Derrière ce terme barbare, se cache l’artifice utilisé par de nombreux batteurs pro ou non qui recherchent un son parfait sans s’arracher les cheveux pendant des heures pour réussir à s’accorder.
On peut distinguer 2 branches distinctes :
Le triggering sur une batterie acoustique, ici le but est d’obtenir facilement le même son de batterie quel que soit le lieu, le batteur et même la batterie. Les batteurs de métal s’en servent notamment sur leur grosse caisse pour compenser la perte de puissance due à la rapidité des coups.
Le triggering sur batterie muette, c'est-à-dire équipée de peaux maillées également appelées peaux silencieuses. Principalement destinés aux batteurs désireux de faire le moins de bruit possible, ce système vous permettra d’avoir un son énorme au casque tout en restant relativement discret pour votre entourage.
Concrètement comment ça marche ? Tout simplement grâce à un petit ustensile appelé trigger. Cette petite bête détecte les frappes données sur la surface externe du pad et le convertit en signal électrique. Ce signal est ensuite envoyé dans un module électronique qui va le transformer en un son préalablement défini par vos soins.



Différentes fabricants propose des triggers. Le leader dans ce domaine est Ddrum. Ce nom ne vous dit rien ? Si, si, réfléchissez ! Vous savez l’espèce de bidule rouge qu’on voit sur le cercle de certaines batteries et bien c’est un trigger Ddrum. Deux modèles existent : le Pro et le Red Shot. Le Pro, comme son nom l’indique, est le plus perfectionné des deux, plus facile à positionner sur le cercle, et avec une sortie XLR. Le Red Shot est la version simplifiée du pro, sur ce modèle la sortie est en jack.

Roland nous propose aussi ses triggers : la série RT, plus chers que la concurrence, ils reprennent la technique VPads utilisée pour leurs batteries électroniques. Il s’agit donc ici de très bon matériel, facile à positionner, les sorties sont en jack. Enfin Yamaha propose également ses triggers. Rien à voir avec les deux autres marques, chez Yamaha on fait dans le dépouillé. Ici le capteur est réduit à sa plus simple expression, il suffit de le positionner sur sa peau de frappe, de relier le fil qui pendouille à un jack et le tour est joué. Si on gagne en temps de pose, le résultat n’a rien à voir avec les modèles des concurrents

Ok, vous avez acheté des super triggers, désormais vous aurez un son de tueur, c’est sûr ! Et ben non ! Pourquoi ? Parce que ces triggers faut bien les brancher quelque part et tant qu’à faire autant que ça soit dans un module de sons.

S’il y a un élément dans la configuration de votre batterie électronique qui mérite la plus grande réflexion, c’est bien le module. En effet, c’est ce boîtier qui va vous permettre d’avoir le son de grosse caisse dont vous rêviez ou de passer d’un son de caisse claire à un autre simplement en appuyant sur un bouton. C’est ce même module qui va attribuer un son à une entrée, détecter l’intensité de votre frappe et reproduire fidèlement les coups joués.

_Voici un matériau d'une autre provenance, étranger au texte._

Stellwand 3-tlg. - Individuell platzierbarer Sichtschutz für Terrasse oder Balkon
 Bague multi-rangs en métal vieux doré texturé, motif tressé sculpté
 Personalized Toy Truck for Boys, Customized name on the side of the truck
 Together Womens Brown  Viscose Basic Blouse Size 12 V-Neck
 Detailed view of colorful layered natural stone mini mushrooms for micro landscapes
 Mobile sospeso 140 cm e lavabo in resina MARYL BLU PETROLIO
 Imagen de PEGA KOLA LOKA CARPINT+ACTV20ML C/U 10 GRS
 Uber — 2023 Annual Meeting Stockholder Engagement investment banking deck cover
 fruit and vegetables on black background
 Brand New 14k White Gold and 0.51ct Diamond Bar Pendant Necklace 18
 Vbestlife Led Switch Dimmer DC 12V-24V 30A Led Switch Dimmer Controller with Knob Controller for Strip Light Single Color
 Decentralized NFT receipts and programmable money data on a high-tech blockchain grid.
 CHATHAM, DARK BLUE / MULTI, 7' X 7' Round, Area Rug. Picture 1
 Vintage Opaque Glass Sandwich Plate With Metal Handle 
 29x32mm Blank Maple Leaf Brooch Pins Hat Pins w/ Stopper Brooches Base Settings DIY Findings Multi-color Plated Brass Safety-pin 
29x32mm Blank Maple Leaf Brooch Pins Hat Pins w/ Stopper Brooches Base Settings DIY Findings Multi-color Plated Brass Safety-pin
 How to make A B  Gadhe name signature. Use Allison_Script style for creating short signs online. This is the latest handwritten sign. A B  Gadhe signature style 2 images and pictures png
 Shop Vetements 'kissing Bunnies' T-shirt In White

Concrètement vous avez branché tous vos pads ou triggers dans le module, A partir de là, armez vous d’un peu de patience car le réglage d’un module n’est pas chose aisée surtout lorsque l’on est novice dans le domaine. Selon les modèles une multitude de réglages s’offrent à vous : le volume, la vélocité, la durée de chaque son, etc… Prenez le temps de bien faire ces réglages, après ça vous pourrez vous payer le luxe de vous configurer plus de kits qu’il ne vous en faut. Un kit typé jazz ? Un gros son idéal pour le métal ? Un son électronique avec des effets réglables à souhait ? Selon votre module presque tout est réalisable.

Comment choisir son module ? Là encore c’est d’abord le budget que vous êtes prêt à mettre qui va déterminer la gamme de module.



La palme rapport qualité / petit prix revient au DM5 d’Alesis. Pour un modèle qui a déjà quelques années de bons et loyaux services derrière lui, le DM5 vieillit plutôt bien. 12 entrées triggers, 4 sorties jack, entrée / sortie midi, 540 sons dont 94 pour la grosse caisse et 116 pour la caisse claire, 21 kits personnalisables ! Plutôt simple à programmer, le DM5 donnera satisfaction aux batteurs qui recherchent un outil simple et complet !

Chez Roland c’est le TD3 qui ouvre le bal : 114 sonorités, 32 kits de batterie et le fameux ‘‘rhythm coach’’ qui fait office de prof à domicile, réglages faciles et simplicité d’utilisation, c’est certainement l’un des modules les plus vendus au monde. Chez Yamaha, c’est le DTXplorer qui ouvre la gamme : 214 sons et 32 kits de batterie.



Evidemment plus on monte en prix, plus les modules gonflent leurs capacités. Dans le moyen de gamme on passe au TD6 de Roland, le module propose cette fois 1024 sons et 262 instruments d’accompagnement pour vous éviter de vous sentir trop seul. Le DTXpress III de Yamaha contient 1000 sons et 80 kits de batterie, un séquenceur 2 pistes et la fonction « groove check » qui vous permet de vérifier votre tempo.

Ddrum propose également des modules, le plus courant étant le Ddrum 4 et sa version améliorée : le Ddrum 4 SE



Le haut de gamme est représenté chez Roland par les modules TD12 et TD20, chez Yamaha par le DTXtreme II. Véritables bêtes de course, ces modules vous proposent de complètement personnaliser votre son, modifient le son en fonction de la rapidité de frappe, etc… ici tout est fait pour approcher au plus près des batteries acoustiques.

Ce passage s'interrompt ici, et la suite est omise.